İMTİHAN / 30.10.2020/ İzmir Depremi

Bu deprem toplum olarak hepimiz için (yeniden) bir imtihan, ama öyle “cehalet”in ifade ettiği gibi değil, bilim ile, mühendislik ile, vicdanımız ile, cehalet ile imtihanımız. 

Her ne kadar her deprem sonrası “cehalet” yine dile gelip alkol, zina üzerinden provokatif açıklamalarla prim yapmaya çalışsa da toplum olarak artık daha bilinçliyiz bu konularda.


1992’de Erzincan’da, 1998’de Adana’da, 1999’da Gölcük ve Düzce’de, 2003’te Bingöl’de, 2011’de Van’da, bu yıl Malatya, Elaziğ ve şimdi de İzmir’de yaşanan depremler ve kaybettiklerimiz bize hep aynı gerçeği hatırlatıyor. 


Akıl ve bilimden, vicdandan ve gerekli denetimlerden uzaklaştıkça her deprem bizim için bir felaket. 

Taşıyıcı kolonları kesilen binalar, 

Güçlendirme yapılması gerektiği halde oturulan apartmanlar, 

Depremin hemen ertesinde artan kiralar, ev fiyatları, 

Yardım için ücretsiz dağıtılan kolilerin para ile satılması

Bunlar bizlerin toplum olarak hep akıl ve vicdan ile imtihanımız. 
Bu sabah minik Elif’in hayata tutunan elleriyle yeniden umutla dolduk.

Toplum olarak el ele, yürek yüreğe vererek başaramayacağımız hiçbir şey yok.
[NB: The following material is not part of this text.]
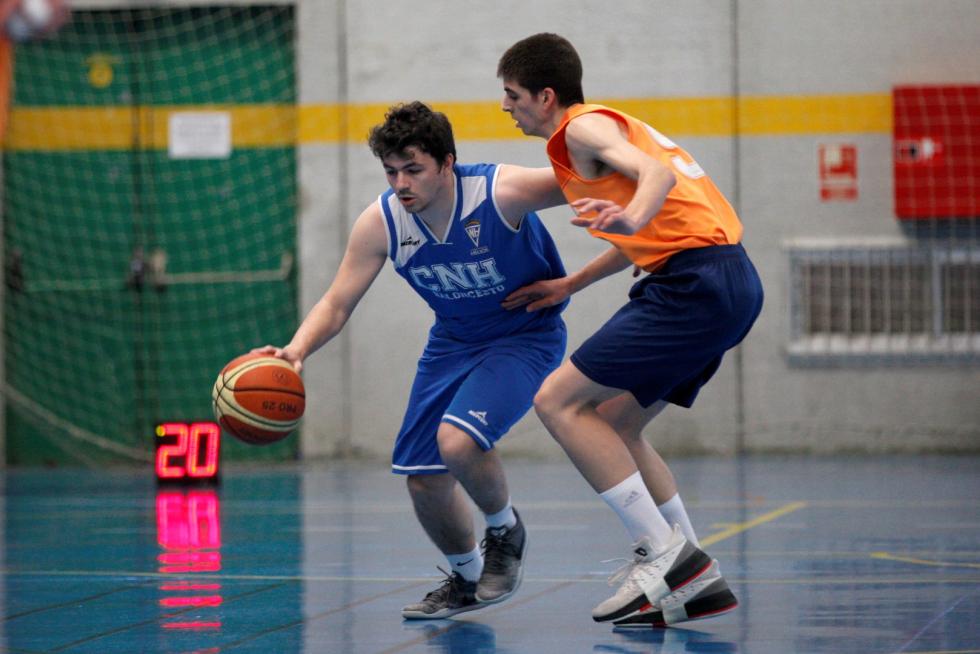 Baloncesto. Primera Nacional- Cristo Rey vs. Helios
Küçük Elif’in, depremde canla başla çalışan birçok diğer kahramanımız gibi o itfaiyecimizin eline sarılması; gözlerinde kuruyan gözyaşlarıyla kurtarılan o minik kedinin başını okşayan o eller, 7’den 70’e her canlı ile hepimizin tek bir yürek olduğunu bir kez daha gösterdi bizlere. 


Birbirimize Bağlıyız, 

Birimizin canı yandığında hepimiz bu acıyı yüreğimizde hissediyoruz. Ama bu imtihandan alacağımız dersleri toplum olarak en kısa sürede alalım artık.

Türkiye deprem bölgesi, uzmanlar İstanbul Depreminin beklendiğini her fırsatta dile getiriyorlar. Acıların ne kadar yıkıcı olduğunu bir kez daha deneyimlemek zorunda kalmayalım. 

2020 bitsin 2021 gelsin artık diyoruz ama, 2120 gelse ne fark eder, önemli olan zihniyetlerin değişimi ve insanca yaşamak, 

Çünkü Yaşamak bir Sanat ve her birimiz bu sanatın, kendi yaşamlarımızın sanatçılarıyız.